* What is expected *
Print every entry again exactly, with no pictures.

─── Source information ───

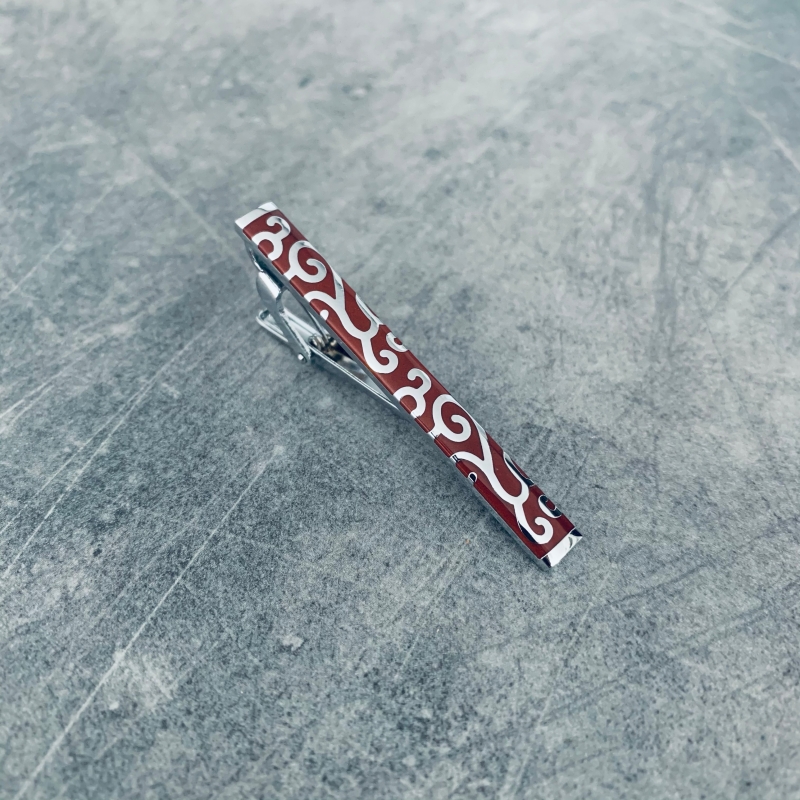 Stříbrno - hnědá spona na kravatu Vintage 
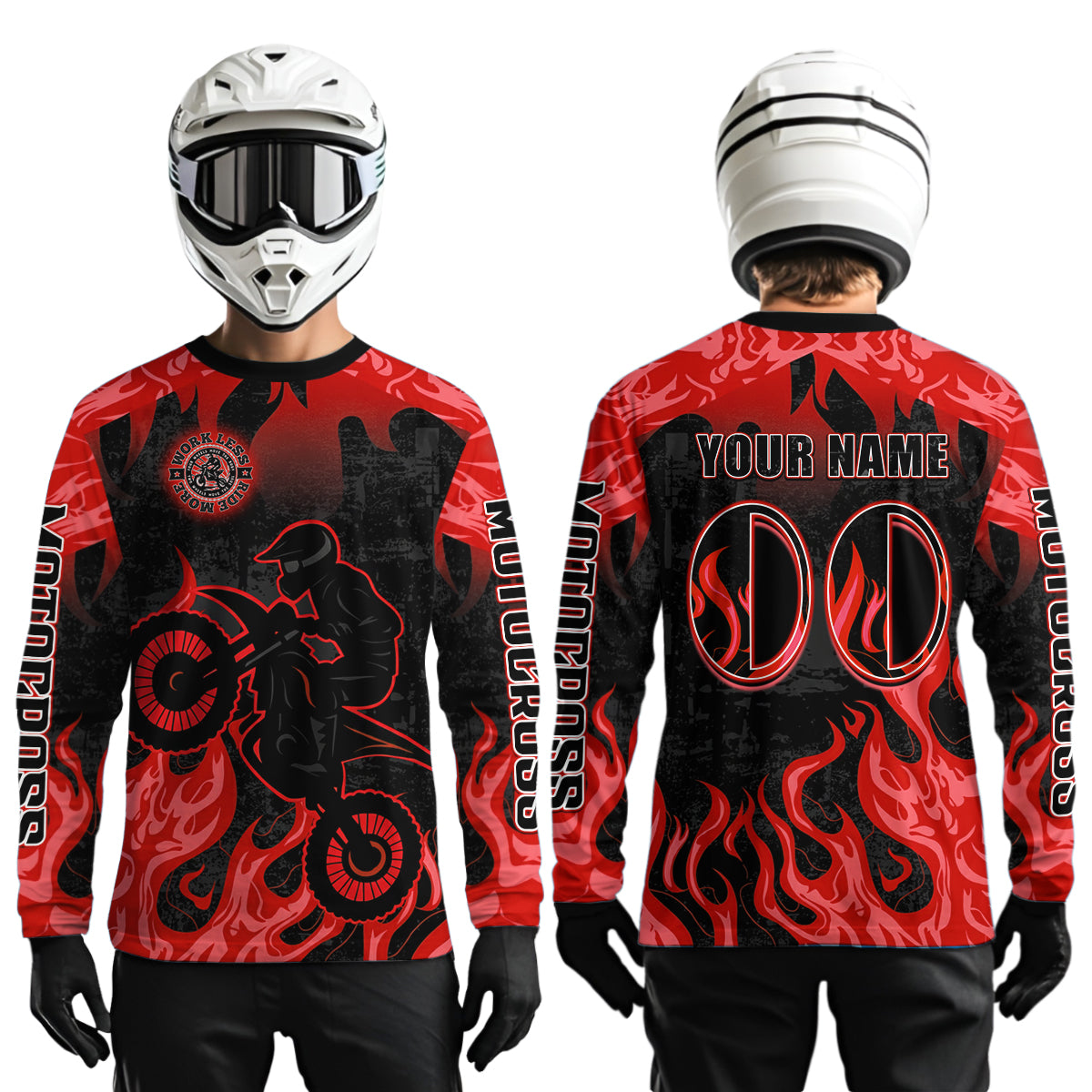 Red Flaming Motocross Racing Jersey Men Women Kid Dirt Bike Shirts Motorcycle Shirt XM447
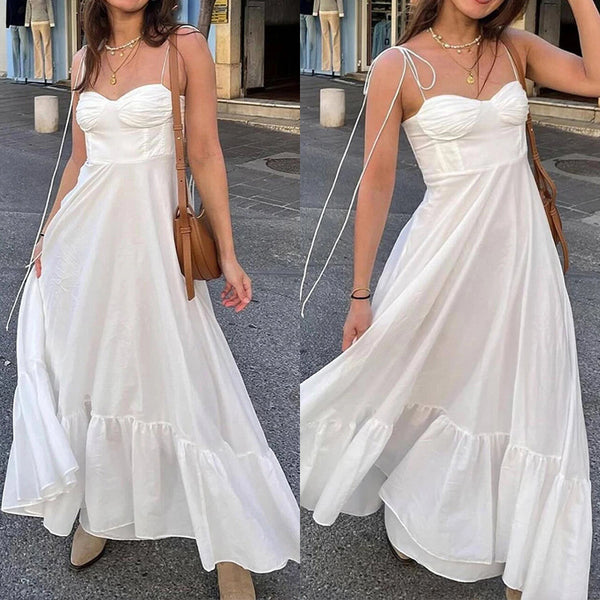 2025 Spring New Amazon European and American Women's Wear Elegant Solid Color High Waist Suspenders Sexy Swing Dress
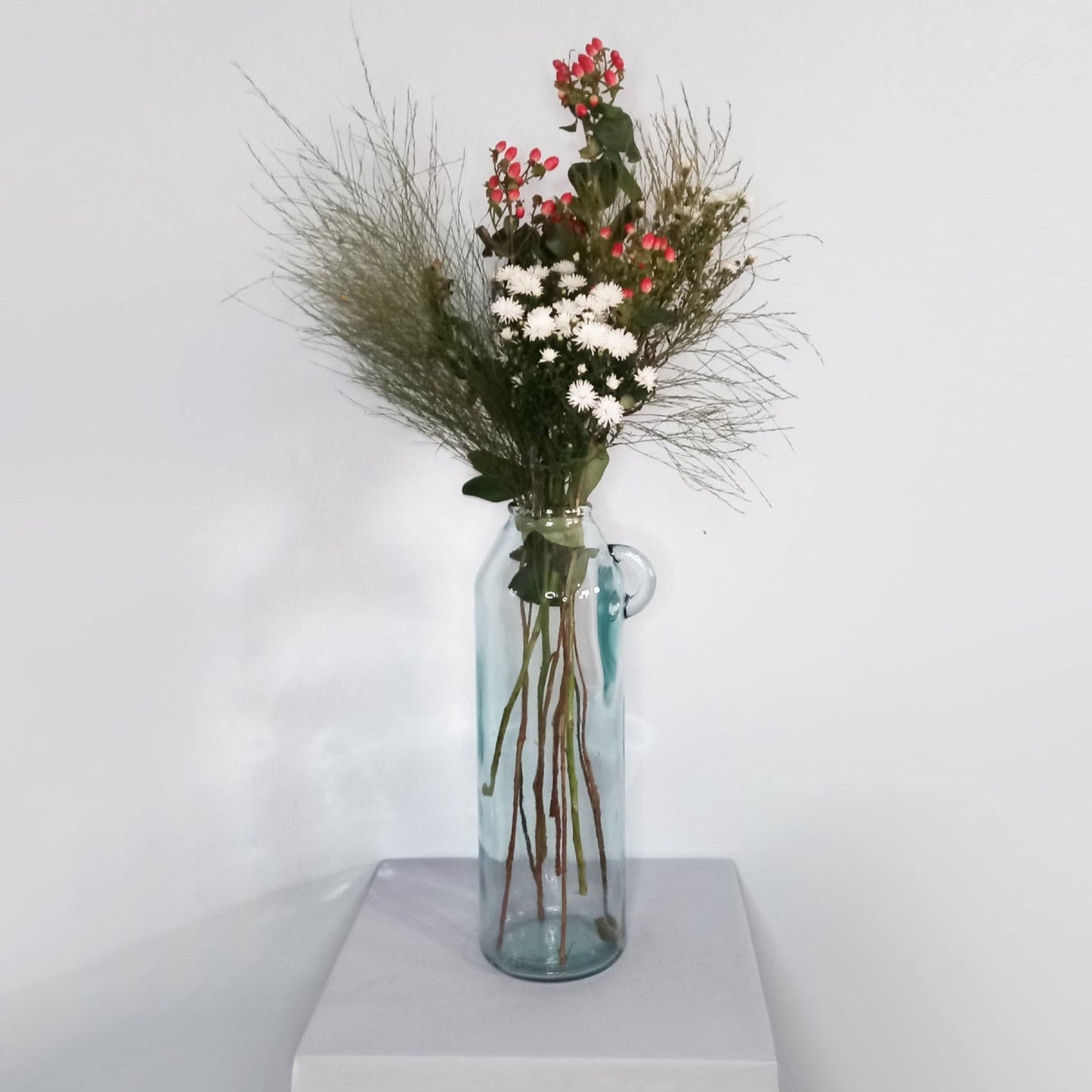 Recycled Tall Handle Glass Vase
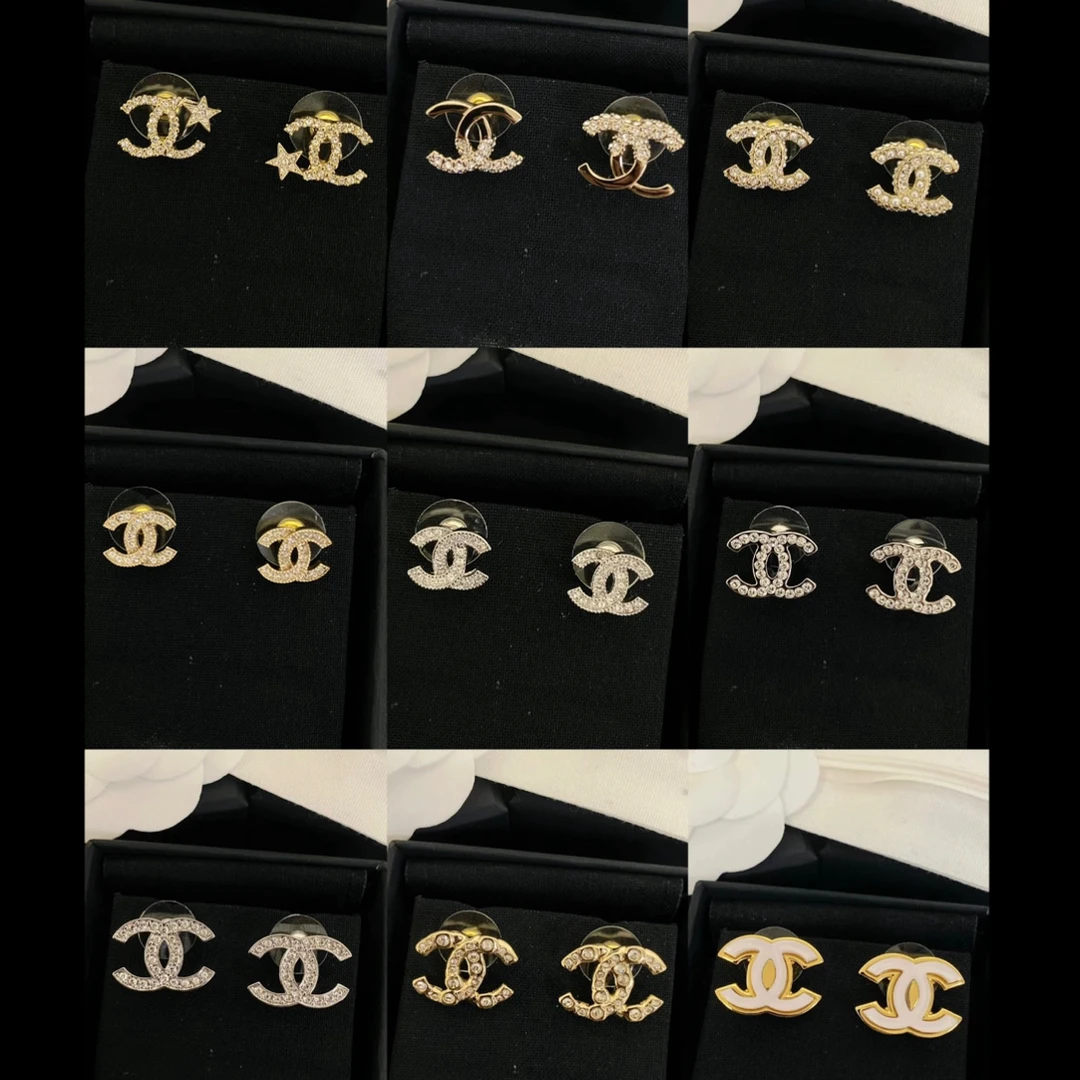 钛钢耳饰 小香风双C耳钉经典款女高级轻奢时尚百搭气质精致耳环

───

* Answer to this exercise *
 Stříbrno - hnědá spona na kravatu Vintage 
 Red Flaming Motocross Racing Jersey Men Women Kid Dirt Bike Shirts Motorcycle Shirt XM447
 2025 Spring New Amazon European and American Women's Wear Elegant Solid Color High Waist Suspenders Sexy Swing Dress
 Recycled Tall Handle Glass Vase
 钛钢耳饰 小香风双C耳钉经典款女高级轻奢时尚百搭气质精致耳环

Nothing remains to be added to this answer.